そんな彼が今手に持っているのは、洗練された近代的物体で、懸命にそのレンズに合わせているのは、平和な光をふんだんに浴びて目覚めた一つの季節の一幕。

似合わない・・・・。

もう一度ミーメはそう噛み締めるように思う。少しだけその眉間に皺がよっていることに気がつかないまま、でもきっぱりとそうは言い切れないと自問自答を繰り返しながら。
今彼が必死で映しているのは、今日は仕事がある双子の弟君に、この穴場へと連れて行けなかった代わりの為のせめてもの土産で。

「・・・・・・・。」
暗い狂気の様な憎しみに身を焦せていた彼の視線や雰囲気、そして人柄が変わったのは、氷の様なそれら全てを、双子の弟がこの春の日差しの様に少しずつ少しずつ溶かしていったからに他ならない。
そしてバドは口には出さないが、双子の弟を今は人として愛している。勿論それに伴う禁忌も乗越えると覚悟を決めて、全身全霊で愛情を傾けているのは一番近くに居るからこそ理解出来る物で・・・。

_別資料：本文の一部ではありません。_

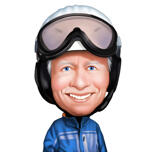Snowboarder Caricature from Photo in Color Style
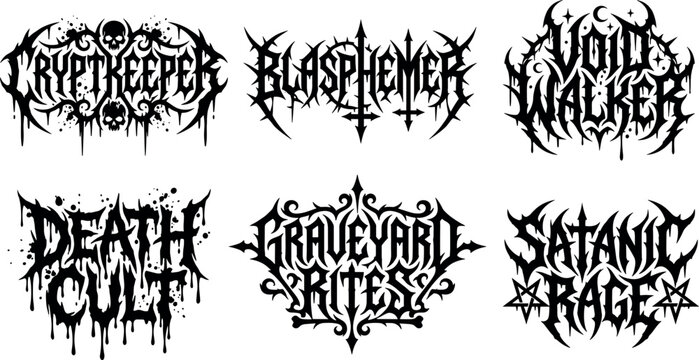 Big collection of black death metal band logo lettering styles featuring gothic typography spikes skulls and satanic pentagram elements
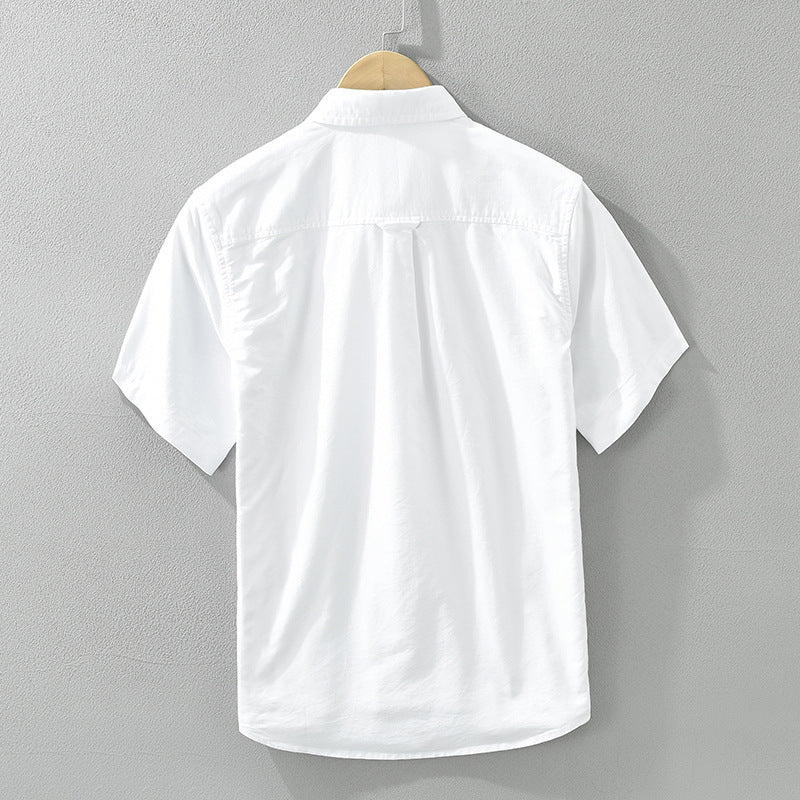 Men's Linen Short Sleeve Shirt – Striped Placket Summer Style – Black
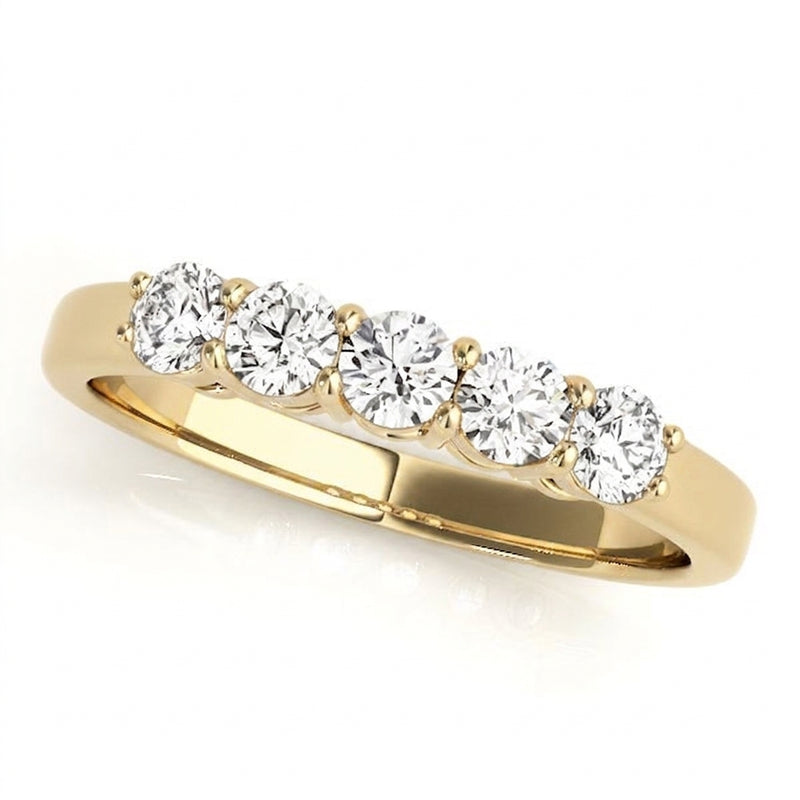 3/4 ctw 5 Stone Straight Band — Yellow Gold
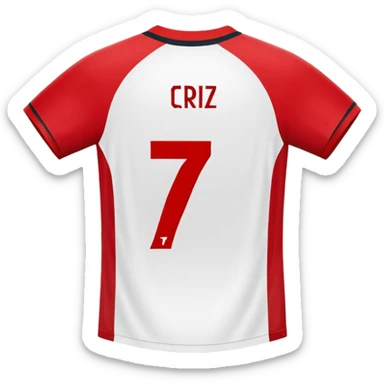 soccer jersey with number 7 and CR7 text sticker
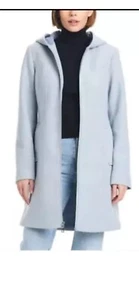 Trending Vince Camuto hooded faux wool women zip Jacket Mid length Blue Medium - Picture 1 of 9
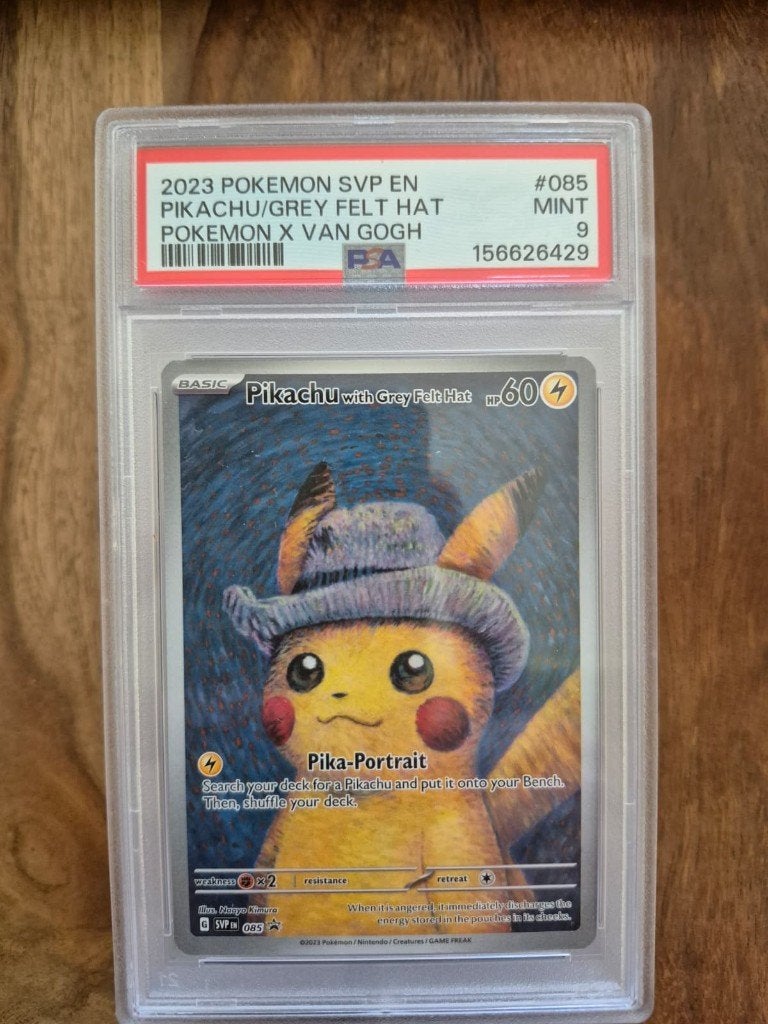 PSA 9 - Pikachu with Grey Felt Hat (van Gogh) 085, Ophalen of Verzenden, Nieuw, Losse kaart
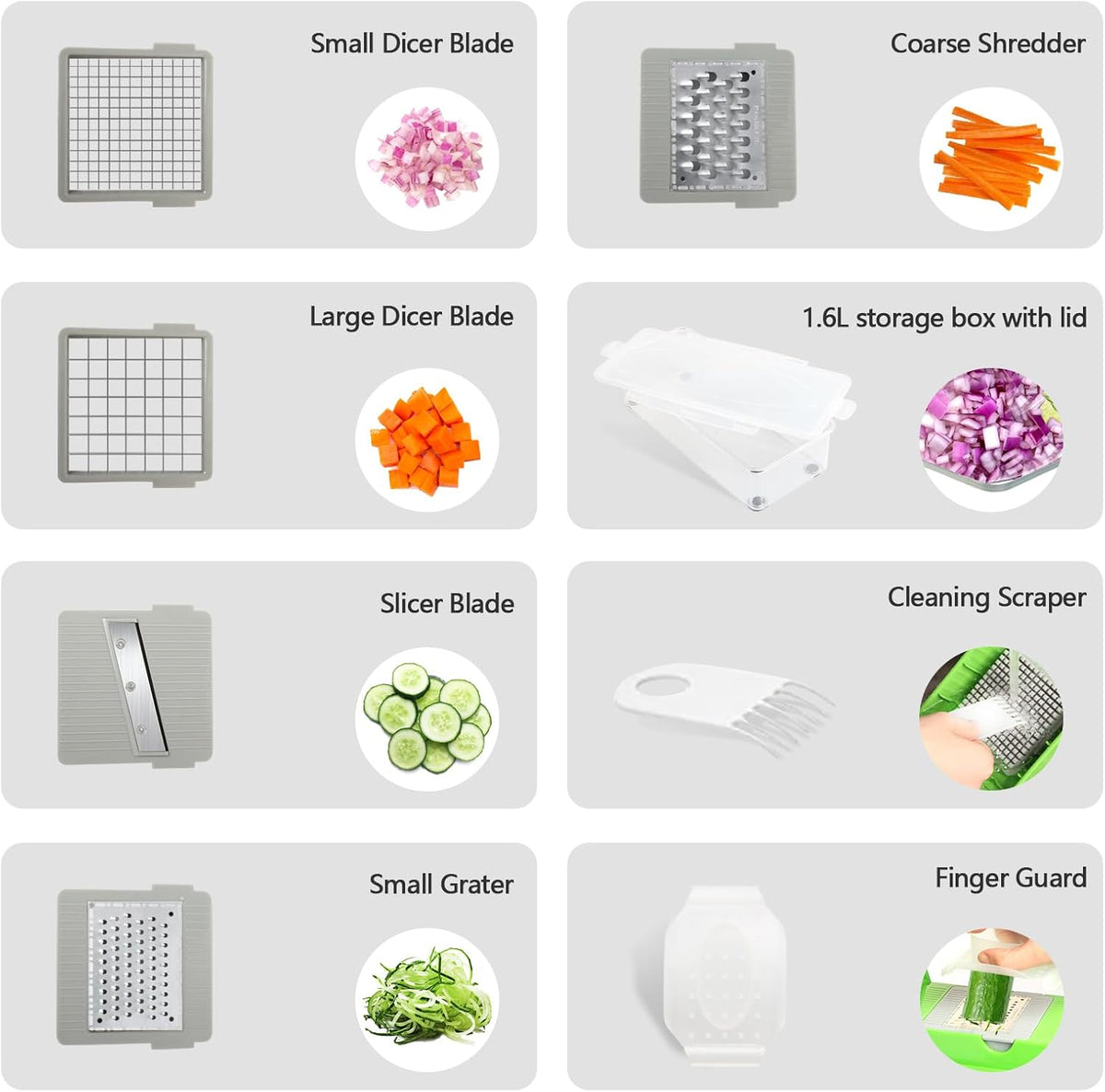 LHS Vegetable Chopper, Multifunctional Food Chopper, Pro Onion Chopper, Vegetable Slicer Dicer Cutter with 5 Blades, Veggie Chopper with Container(8-in-1,Green)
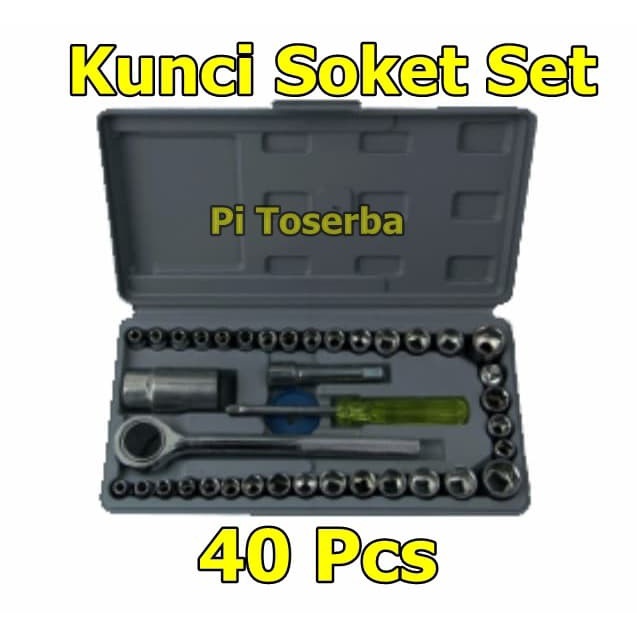 KUNCI SOCKET SET 40 PCs Multipurpose Combination Socket Wrench Set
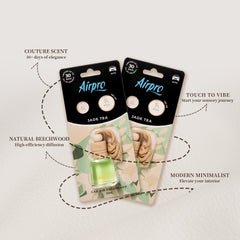 Airpro Jade Tea car air freshener packaging showcasing key features including 30-day elegance, natural beechwood diffuser, tactile scent testing, and modern minimalist design.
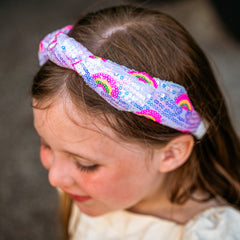 Kids Sequin Knot Headband - Rainbow - FROG SAC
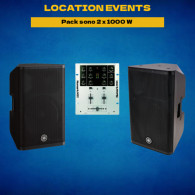 Location pack sono 2: 2x1000w - jusqu'à 120 personnes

もしここに一緒に来たのが私ではなく弟君の方だったとしたら?
彼はこうして私の為にせめてもの土産をくれるのだろうか?
・・・・・・・・。

こんなことを思う自分は、多分疲れているのだろうか?

肉親であり恋人である彼と、友人であり似た者同士の自分は、バドの中では位置づける場所も違うのに・・・。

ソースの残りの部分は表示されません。